- _Aim of the exercise_: Could you repeat, word for word, every line from the one containing "Home Arm Blood" through the final line of the records below, and nothing else?

*** Dataset records Section Begins ***

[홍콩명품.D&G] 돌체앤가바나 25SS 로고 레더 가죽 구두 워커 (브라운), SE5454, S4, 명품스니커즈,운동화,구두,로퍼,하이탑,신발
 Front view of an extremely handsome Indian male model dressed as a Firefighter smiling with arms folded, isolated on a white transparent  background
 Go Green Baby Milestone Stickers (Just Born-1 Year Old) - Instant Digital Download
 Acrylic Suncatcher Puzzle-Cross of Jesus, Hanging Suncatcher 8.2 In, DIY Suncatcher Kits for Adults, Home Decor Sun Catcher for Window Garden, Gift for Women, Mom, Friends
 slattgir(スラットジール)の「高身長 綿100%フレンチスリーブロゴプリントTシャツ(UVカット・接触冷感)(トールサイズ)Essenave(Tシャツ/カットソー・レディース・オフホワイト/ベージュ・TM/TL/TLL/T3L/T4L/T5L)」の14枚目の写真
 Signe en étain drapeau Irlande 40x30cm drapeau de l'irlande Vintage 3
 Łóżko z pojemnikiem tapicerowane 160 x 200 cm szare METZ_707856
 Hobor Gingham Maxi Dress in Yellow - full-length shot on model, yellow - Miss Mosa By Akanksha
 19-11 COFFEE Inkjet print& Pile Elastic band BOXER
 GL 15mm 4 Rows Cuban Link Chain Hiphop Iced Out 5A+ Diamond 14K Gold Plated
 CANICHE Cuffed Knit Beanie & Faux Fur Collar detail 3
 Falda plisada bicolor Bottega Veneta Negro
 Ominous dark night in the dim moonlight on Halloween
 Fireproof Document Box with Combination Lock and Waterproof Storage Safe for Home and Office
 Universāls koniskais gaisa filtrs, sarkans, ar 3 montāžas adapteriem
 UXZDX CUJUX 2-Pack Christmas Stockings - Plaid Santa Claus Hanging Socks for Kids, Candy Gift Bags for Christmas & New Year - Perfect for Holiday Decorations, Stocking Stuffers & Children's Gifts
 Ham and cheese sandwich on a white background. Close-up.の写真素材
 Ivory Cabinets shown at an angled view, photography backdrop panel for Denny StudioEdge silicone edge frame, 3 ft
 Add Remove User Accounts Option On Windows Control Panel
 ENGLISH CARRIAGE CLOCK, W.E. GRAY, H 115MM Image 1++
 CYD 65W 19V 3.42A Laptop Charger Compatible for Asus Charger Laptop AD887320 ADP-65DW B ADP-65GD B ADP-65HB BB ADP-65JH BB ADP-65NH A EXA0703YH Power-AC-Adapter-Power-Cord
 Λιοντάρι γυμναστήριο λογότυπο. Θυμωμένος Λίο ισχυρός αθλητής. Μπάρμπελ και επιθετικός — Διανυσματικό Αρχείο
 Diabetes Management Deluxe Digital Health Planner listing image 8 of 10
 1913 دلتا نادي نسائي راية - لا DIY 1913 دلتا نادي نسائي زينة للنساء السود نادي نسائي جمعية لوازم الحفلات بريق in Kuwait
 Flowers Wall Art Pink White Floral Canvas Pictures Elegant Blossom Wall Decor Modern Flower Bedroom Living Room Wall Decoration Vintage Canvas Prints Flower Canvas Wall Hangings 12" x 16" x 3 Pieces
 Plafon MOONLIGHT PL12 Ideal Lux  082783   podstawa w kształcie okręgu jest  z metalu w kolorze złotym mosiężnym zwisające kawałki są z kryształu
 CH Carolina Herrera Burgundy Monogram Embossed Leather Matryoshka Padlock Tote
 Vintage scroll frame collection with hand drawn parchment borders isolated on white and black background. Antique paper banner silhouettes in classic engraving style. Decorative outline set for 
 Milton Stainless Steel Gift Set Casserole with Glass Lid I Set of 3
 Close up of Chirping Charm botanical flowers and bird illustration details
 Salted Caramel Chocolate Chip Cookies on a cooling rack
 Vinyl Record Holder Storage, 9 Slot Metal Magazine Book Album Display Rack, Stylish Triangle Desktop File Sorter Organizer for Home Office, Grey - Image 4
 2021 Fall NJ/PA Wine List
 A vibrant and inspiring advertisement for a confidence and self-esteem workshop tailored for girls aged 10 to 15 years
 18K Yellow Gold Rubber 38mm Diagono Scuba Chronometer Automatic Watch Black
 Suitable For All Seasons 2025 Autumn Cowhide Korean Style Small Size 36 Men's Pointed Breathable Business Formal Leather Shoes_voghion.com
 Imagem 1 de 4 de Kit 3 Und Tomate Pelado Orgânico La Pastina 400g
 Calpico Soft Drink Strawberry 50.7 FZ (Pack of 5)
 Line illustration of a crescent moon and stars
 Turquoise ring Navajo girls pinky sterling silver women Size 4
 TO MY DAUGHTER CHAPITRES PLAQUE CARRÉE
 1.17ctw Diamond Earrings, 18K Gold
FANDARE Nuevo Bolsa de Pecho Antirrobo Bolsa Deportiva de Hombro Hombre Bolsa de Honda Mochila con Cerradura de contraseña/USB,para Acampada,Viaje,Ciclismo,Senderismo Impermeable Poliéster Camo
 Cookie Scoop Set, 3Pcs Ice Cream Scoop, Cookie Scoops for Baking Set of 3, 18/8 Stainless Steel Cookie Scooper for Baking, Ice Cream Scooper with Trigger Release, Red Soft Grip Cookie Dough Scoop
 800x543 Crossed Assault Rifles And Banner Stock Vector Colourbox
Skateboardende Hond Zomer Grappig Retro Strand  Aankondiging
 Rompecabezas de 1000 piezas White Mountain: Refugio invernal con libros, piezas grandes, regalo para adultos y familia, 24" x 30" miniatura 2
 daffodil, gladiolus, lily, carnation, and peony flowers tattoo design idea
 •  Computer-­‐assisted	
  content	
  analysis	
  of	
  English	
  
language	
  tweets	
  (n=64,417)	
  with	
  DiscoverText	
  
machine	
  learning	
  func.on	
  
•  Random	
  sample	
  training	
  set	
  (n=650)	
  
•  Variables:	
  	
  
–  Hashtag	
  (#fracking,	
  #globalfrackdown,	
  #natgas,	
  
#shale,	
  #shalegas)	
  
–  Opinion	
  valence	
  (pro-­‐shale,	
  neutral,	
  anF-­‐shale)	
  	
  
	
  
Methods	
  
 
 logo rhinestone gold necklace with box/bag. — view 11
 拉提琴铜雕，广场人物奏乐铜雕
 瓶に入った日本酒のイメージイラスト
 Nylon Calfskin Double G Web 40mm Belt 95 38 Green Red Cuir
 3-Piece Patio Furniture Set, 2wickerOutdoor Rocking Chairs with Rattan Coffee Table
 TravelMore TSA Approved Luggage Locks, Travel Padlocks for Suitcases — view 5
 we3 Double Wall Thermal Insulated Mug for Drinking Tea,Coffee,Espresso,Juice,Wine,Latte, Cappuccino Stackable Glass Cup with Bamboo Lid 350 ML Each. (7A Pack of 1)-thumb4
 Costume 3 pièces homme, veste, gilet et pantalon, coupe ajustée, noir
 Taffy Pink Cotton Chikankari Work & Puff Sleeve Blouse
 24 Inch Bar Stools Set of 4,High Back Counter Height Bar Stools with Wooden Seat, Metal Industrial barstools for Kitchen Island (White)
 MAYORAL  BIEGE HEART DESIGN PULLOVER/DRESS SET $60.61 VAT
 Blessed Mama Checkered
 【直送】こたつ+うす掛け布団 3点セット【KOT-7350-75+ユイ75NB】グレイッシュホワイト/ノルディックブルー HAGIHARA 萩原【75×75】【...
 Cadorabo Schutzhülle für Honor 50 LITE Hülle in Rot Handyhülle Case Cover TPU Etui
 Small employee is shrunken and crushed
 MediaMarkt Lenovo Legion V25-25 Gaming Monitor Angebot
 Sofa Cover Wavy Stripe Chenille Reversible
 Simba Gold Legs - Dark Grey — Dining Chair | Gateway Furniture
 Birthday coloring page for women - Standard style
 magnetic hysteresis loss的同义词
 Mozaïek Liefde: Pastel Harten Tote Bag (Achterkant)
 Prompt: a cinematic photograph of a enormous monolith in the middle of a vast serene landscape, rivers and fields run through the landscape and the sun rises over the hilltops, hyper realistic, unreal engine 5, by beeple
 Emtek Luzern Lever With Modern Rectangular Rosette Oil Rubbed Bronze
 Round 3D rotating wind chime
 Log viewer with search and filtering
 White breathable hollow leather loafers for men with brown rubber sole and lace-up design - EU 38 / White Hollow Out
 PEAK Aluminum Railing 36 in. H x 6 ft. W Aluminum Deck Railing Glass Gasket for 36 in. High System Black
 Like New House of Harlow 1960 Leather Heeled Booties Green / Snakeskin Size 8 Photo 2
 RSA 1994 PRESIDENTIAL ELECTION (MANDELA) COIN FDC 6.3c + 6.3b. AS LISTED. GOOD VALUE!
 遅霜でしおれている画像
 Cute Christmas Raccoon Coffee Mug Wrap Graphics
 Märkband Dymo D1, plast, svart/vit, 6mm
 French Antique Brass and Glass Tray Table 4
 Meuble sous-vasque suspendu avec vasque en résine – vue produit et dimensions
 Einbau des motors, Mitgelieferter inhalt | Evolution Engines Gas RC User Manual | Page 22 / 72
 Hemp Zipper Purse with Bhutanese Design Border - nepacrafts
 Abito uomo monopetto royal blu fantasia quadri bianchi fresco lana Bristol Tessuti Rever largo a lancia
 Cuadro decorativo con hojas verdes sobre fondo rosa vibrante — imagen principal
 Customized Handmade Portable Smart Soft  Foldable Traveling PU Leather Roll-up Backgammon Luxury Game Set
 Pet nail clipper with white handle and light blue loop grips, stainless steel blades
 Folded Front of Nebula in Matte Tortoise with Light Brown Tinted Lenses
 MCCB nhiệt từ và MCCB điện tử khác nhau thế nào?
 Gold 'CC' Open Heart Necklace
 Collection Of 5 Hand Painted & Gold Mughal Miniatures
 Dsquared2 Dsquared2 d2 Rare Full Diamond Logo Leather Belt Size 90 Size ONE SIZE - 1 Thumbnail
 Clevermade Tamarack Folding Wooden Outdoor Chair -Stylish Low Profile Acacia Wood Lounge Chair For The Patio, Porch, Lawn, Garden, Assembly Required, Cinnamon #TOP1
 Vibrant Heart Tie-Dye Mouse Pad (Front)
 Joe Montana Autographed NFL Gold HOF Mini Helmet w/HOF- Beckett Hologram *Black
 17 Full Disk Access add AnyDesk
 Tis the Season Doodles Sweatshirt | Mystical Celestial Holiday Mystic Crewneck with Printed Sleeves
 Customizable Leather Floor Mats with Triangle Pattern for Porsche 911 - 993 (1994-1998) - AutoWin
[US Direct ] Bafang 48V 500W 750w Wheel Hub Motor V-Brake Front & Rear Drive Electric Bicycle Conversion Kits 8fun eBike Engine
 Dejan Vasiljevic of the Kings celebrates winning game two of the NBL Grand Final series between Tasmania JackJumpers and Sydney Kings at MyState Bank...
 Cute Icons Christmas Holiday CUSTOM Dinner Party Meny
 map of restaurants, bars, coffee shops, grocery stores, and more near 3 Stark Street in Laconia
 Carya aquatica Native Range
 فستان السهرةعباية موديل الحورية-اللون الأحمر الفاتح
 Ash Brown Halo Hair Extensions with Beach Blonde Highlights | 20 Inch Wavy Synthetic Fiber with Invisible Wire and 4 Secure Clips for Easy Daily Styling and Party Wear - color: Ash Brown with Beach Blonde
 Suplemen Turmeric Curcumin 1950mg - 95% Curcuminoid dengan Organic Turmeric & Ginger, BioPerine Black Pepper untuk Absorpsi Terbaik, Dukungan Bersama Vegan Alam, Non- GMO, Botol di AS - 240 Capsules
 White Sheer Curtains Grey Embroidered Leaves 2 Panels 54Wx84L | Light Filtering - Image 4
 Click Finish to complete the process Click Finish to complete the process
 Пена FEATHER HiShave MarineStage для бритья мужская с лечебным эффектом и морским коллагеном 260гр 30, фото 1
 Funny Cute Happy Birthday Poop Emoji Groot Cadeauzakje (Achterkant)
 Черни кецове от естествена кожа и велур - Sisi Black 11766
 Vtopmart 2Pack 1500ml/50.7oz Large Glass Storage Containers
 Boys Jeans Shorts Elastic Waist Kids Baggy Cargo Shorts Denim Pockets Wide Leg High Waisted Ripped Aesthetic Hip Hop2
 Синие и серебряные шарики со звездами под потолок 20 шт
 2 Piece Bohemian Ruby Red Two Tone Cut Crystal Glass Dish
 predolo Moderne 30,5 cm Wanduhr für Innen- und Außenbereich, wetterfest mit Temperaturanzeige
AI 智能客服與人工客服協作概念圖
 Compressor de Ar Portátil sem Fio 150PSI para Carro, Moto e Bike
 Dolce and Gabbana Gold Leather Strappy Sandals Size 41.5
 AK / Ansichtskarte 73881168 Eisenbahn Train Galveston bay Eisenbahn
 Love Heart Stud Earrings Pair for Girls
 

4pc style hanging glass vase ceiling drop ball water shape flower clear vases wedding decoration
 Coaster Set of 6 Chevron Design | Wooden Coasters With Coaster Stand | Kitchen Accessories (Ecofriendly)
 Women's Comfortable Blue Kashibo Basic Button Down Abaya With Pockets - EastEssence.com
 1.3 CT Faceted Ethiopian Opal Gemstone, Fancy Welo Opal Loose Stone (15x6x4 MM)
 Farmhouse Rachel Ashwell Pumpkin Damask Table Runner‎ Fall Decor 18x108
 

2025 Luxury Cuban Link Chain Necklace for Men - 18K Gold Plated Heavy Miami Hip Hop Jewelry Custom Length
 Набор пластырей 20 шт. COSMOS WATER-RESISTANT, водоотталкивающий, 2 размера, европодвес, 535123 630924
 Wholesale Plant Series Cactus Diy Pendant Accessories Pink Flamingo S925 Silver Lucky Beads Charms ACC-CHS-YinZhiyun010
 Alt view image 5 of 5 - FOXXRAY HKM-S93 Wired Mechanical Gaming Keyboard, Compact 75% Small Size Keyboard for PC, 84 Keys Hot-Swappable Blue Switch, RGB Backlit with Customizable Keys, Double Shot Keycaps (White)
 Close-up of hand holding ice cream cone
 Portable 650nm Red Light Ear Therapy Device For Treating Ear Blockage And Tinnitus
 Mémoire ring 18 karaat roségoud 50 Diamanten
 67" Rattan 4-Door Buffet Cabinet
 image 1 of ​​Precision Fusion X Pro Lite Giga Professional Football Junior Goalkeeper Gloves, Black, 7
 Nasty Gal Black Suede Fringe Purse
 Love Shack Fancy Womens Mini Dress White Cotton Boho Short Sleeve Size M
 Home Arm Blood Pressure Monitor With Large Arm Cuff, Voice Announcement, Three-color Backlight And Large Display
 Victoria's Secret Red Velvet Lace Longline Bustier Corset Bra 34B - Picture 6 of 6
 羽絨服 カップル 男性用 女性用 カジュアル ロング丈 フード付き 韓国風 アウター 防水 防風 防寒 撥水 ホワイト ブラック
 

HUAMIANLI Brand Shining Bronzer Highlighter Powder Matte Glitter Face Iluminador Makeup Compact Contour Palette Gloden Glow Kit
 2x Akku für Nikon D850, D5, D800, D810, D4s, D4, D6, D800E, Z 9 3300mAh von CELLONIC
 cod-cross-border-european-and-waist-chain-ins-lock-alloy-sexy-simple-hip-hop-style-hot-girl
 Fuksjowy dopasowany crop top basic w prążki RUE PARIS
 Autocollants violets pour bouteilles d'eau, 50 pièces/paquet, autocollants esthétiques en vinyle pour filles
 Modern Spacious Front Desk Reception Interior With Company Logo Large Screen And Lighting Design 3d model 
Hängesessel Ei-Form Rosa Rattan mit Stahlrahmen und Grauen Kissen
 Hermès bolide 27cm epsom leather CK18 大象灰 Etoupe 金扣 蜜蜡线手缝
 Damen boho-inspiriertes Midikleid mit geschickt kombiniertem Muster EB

*** Dataset records Section Ends ***

- _Answer to this task_:
 Home Arm Blood Pressure Monitor With Large Arm Cuff, Voice Announcement, Three-color Backlight And Large Display
 Victoria's Secret Red Velvet Lace Longline Bustier Corset Bra 34B - Picture 6 of 6
 羽絨服 カップル 男性用 女性用 カジュアル ロング丈 フード付き 韓国風 アウター 防水 防風 防寒 撥水 ホワイト ブラック
 

HUAMIANLI Brand Shining Bronzer Highlighter Powder Matte Glitter Face Iluminador Makeup Compact Contour Palette Gloden Glow Kit
 2x Akku für Nikon D850, D5, D800, D810, D4s, D4, D6, D800E, Z 9 3300mAh von CELLONIC
 cod-cross-border-european-and-waist-chain-ins-lock-alloy-sexy-simple-hip-hop-style-hot-girl
 Fuksjowy dopasowany crop top basic w prążki RUE PARIS
 Autocollants violets pour bouteilles d'eau, 50 pièces/paquet, autocollants esthétiques en vinyle pour filles
 Modern Spacious Front Desk Reception Interior With Company Logo Large Screen And Lighting Design 3d model 
Hängesessel Ei-Form Rosa Rattan mit Stahlrahmen und Grauen Kissen
 Hermès bolide 27cm epsom leather CK18 大象灰 Etoupe 金扣 蜜蜡线手缝
 Damen boho-inspiriertes Midikleid mit geschickt kombiniertem Muster EB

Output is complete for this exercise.